Return only the lines below starting at the line containing "157 - A rust" and ending at the line containing "May include: A", both included, exactly as they are and with no pictures.

- **Extracted data**:

————————

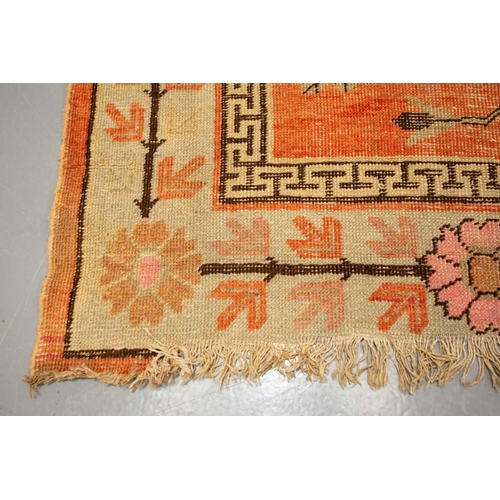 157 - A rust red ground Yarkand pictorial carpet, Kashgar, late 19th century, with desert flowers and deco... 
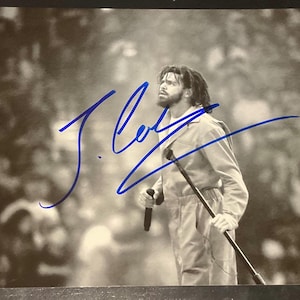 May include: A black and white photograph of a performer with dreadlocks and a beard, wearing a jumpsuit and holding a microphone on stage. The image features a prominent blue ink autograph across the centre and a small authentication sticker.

————————

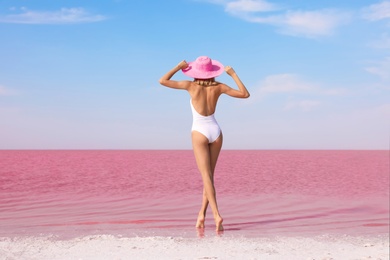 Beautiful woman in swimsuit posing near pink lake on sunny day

————————

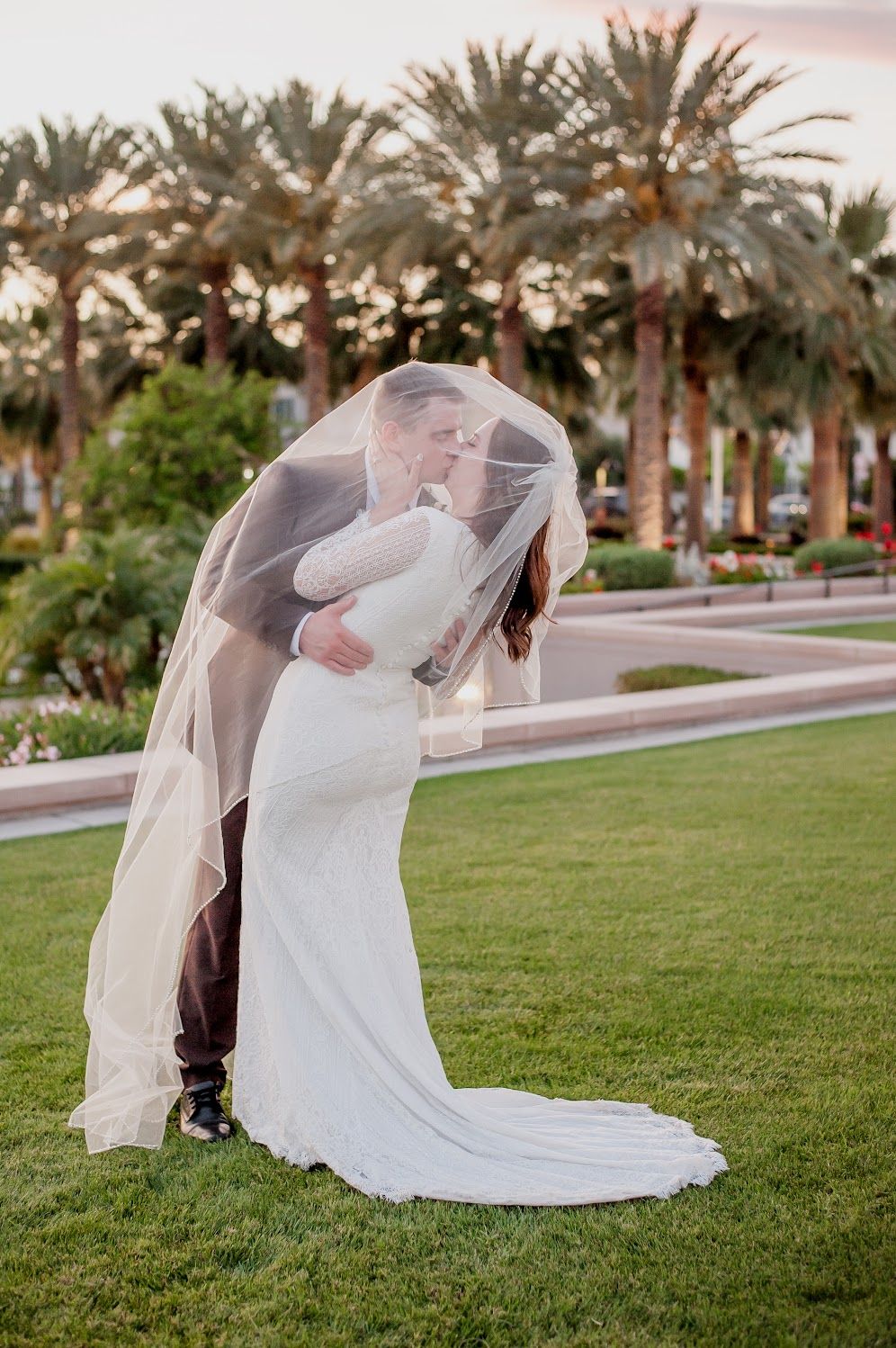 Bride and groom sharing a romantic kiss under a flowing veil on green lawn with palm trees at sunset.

————————

- **Exercise response**:
 157 - A rust red ground Yarkand pictorial carpet, Kashgar, late 19th century, with desert flowers and deco... 
 May include: A black and white photograph of a performer with dreadlocks and a beard, wearing a jumpsuit and holding a microphone on stage. The image features a prominent blue ink autograph across the centre and a small authentication sticker.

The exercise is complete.